Following a supporting role in the independent comedy "Tortilla Heaven" (2007), Lopez had another successful HBO special, "George Lopez: America's Mexican" (2007). Back on the big screen, he voiced Papi in the relatively pleasing "Beverly Hills Chihuahua" (2008) and played a priest in the wry black comedy "Henry Poole is Here" (2008), starring Luke Wilson. A supporting role as a local TV-station manager dealing with warring political rivals in his small town in "Swing Vote" (2008) was followed by a starring role as a workaholic widower desperate to reconnect with his daughter (Daniela Bobadilla) in the made-for-cable movie, "Mr. Troop Mom" (Nickelodeon, 2009).
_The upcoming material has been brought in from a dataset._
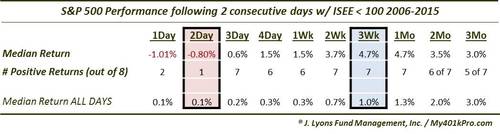SPX Performance Following 2 Consecutive Days with ISEE <100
After a recurring role as the mayor of Reno on "Reno 911!" (Comedy Central, 2003-09) and the new stand-up comedy special, "George Lopez: Tall, Dark & Chicano" (HBO, 2009), he began serving as host and executive producer on his own talk show, "Lopez Tonight" (TBS, 2009-2011), which included sketches and audience participation into the standard monologue-guest format. When it was announced his show was being bumped from 11 p.m. to midnight after less than one year to make room for the newly ousted "Tonight Show" host, Conan O'Brien's new talk show, Lopez could not have been happier, welcoming the red-headed comic to the TBS fold and promising "a new era in late night TV." Meanwhile, he continued making movies, co-starring opposite Jackie Chan in "The Spy Next Door" (2010) and as a part of Gary Marshall's ensemble romantic comedy, "Valentine's Day" (2010). After only two seasons, however, Lopez was informed by TBS executives that his show was cancelled in August 2011, citing low ratings.



Lopez continued working steadily in animation, providing voices for the animated films "The Smurfs" (2011) and "Rio" (2011) and the sequels "The Smurfs 2" (2013) and "Rio 2" (2014). A stand-up special, "George Lopez: It's Not Me, It's You" (2012) reaffirmed his comedic strengths. Lopez returned to series television with a sitcom, "Saint George" (FX 2014) in early 2014, co-starring Danny Trejo and Jenn Lyon.